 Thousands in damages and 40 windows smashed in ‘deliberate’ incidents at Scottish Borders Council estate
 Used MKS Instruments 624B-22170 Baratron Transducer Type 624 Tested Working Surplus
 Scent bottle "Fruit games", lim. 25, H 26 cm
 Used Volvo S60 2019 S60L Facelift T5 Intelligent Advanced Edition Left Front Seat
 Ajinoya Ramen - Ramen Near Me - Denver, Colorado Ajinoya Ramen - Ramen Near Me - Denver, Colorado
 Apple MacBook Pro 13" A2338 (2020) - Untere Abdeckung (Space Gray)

· · · · · · ·

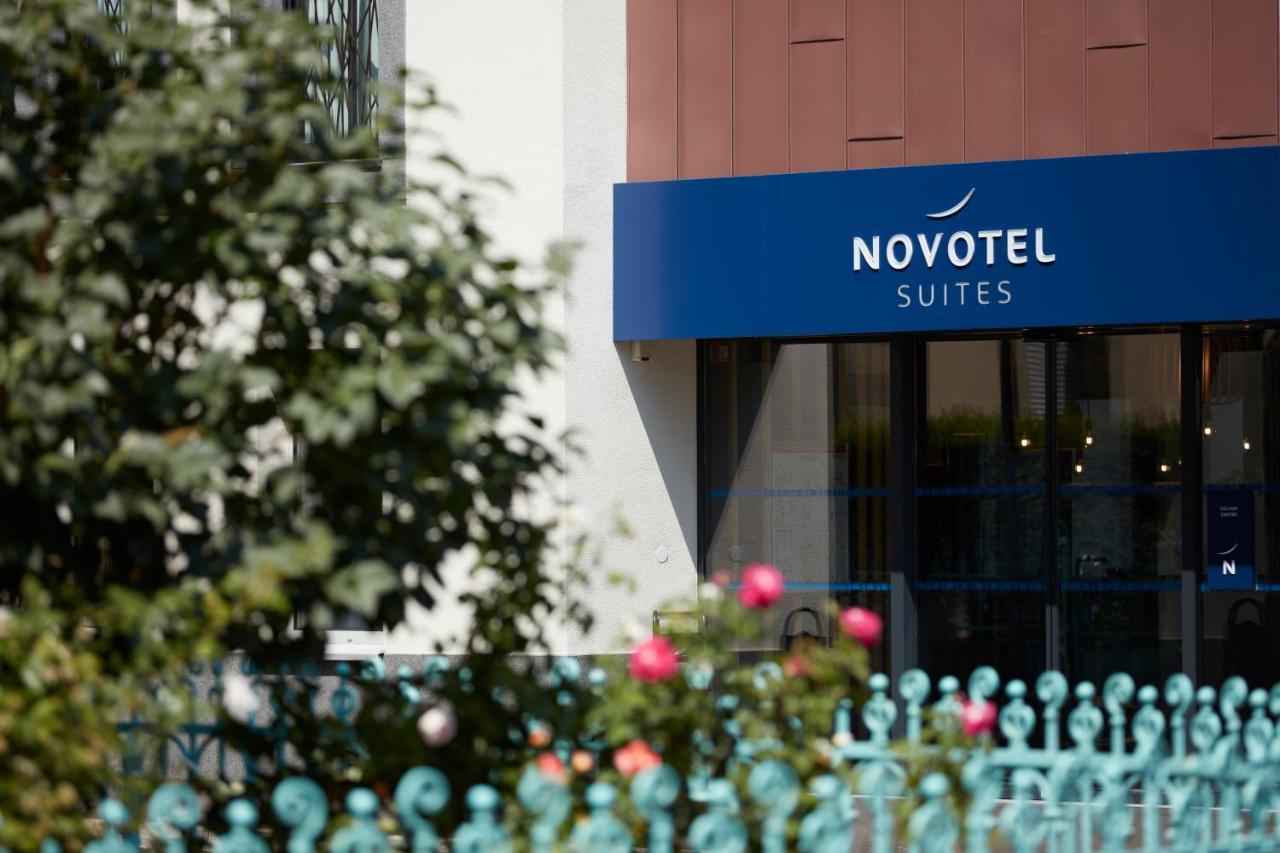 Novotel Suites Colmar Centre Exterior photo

· · · · · · ·

● Task prompt:
Only those lines of the entries above that run from the line containing "Thousands in damages" to the line containing "Apple MacBook Pro", both included, should be transcribed exactly.

● Response area:
 Thousands in damages and 40 windows smashed in ‘deliberate’ incidents at Scottish Borders Council estate
 Used MKS Instruments 624B-22170 Baratron Transducer Type 624 Tested Working Surplus
 Scent bottle "Fruit games", lim. 25, H 26 cm
 Used Volvo S60 2019 S60L Facelift T5 Intelligent Advanced Edition Left Front Seat
 Ajinoya Ramen - Ramen Near Me - Denver, Colorado Ajinoya Ramen - Ramen Near Me - Denver, Colorado
 Apple MacBook Pro 13" A2338 (2020) - Untere Abdeckung (Space Gray)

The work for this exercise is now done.